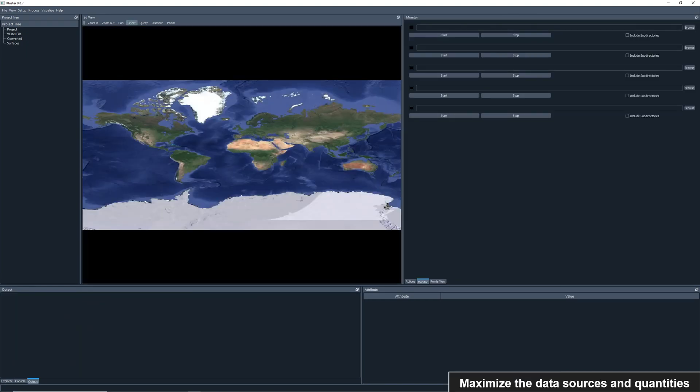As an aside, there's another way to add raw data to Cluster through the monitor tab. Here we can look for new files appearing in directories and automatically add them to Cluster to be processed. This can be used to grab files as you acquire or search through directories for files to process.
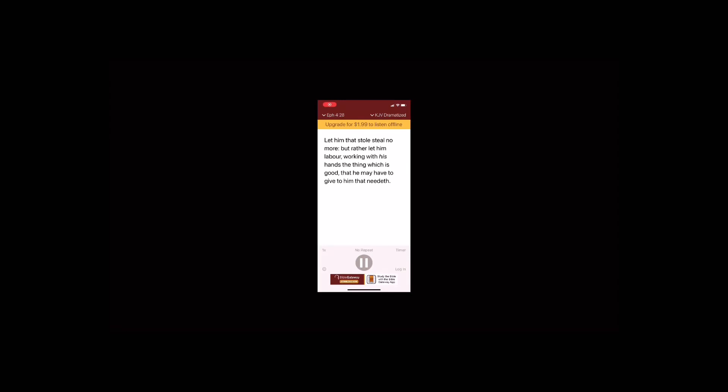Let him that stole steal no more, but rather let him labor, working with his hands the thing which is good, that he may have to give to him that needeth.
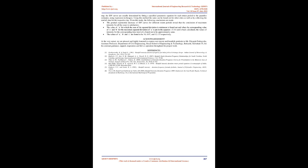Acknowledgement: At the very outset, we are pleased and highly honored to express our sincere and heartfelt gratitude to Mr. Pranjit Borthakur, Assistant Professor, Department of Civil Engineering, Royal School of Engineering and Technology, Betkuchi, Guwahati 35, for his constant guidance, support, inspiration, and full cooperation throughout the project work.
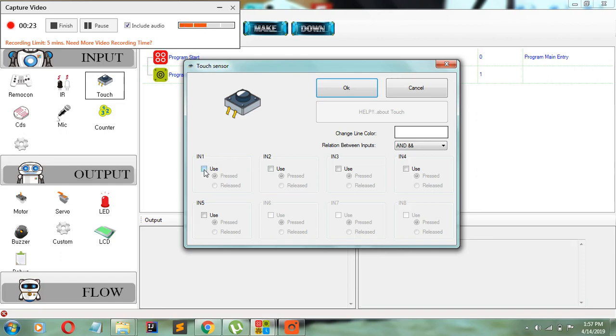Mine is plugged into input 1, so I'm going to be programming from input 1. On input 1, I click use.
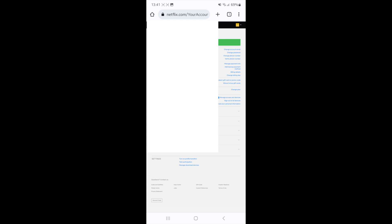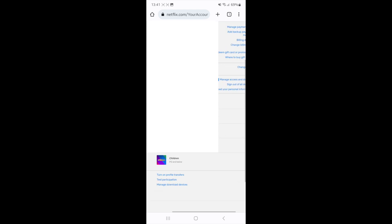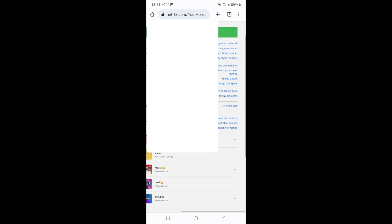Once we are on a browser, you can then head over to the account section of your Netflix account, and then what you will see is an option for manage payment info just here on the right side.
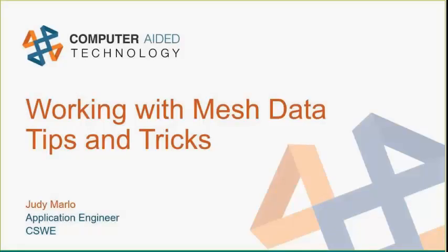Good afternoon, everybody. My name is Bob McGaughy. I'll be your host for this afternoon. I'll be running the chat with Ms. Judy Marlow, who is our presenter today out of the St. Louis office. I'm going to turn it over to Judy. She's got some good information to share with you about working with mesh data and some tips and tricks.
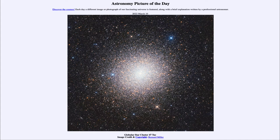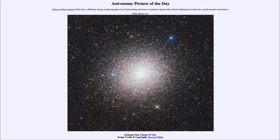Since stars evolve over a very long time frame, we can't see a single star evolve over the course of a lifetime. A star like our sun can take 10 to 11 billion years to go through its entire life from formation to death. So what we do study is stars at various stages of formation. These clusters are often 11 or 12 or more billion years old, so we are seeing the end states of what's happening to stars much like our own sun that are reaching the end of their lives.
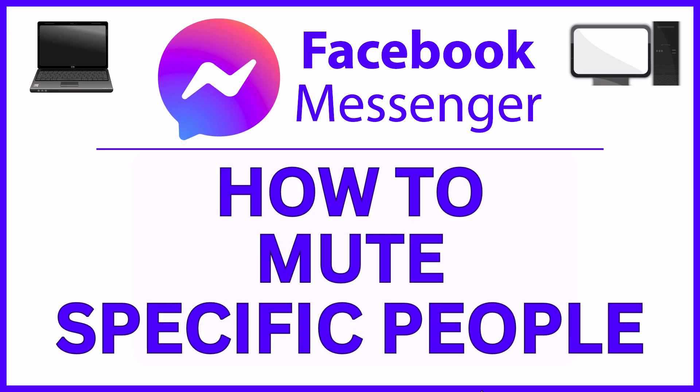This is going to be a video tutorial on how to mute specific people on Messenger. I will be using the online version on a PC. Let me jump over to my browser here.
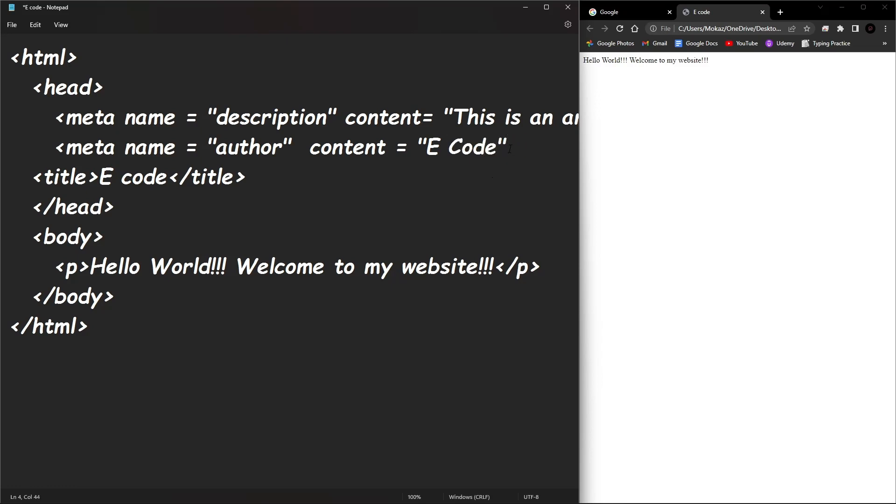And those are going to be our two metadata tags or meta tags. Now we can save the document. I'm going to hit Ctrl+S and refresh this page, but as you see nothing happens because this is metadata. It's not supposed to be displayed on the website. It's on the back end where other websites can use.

------------------------------------------------

What you are asked to do: When pictures appear in the records above, leave them out and reproduce exactly each line from the first through the line containing "Mine is plugged", both included.

Worked solution:
As an aside, there's another way to add raw data to Cluster through the monitor tab. Here we can look for new files appearing in directories and automatically add them to Cluster to be processed. This can be used to grab files as you acquire or search through directories for files to process.
Let him that stole steal no more, but rather let him labor, working with his hands the thing which is good, that he may have to give to him that needeth.
Acknowledgement: At the very outset, we are pleased and highly honored to express our sincere and heartfelt gratitude to Mr. Pranjit Borthakur, Assistant Professor, Department of Civil Engineering, Royal School of Engineering and Technology, Betkuchi, Guwahati 35, for his constant guidance, support, inspiration, and full cooperation throughout the project work.
Mine is plugged into input 1, so I'm going to be programming from input 1. On input 1, I click use.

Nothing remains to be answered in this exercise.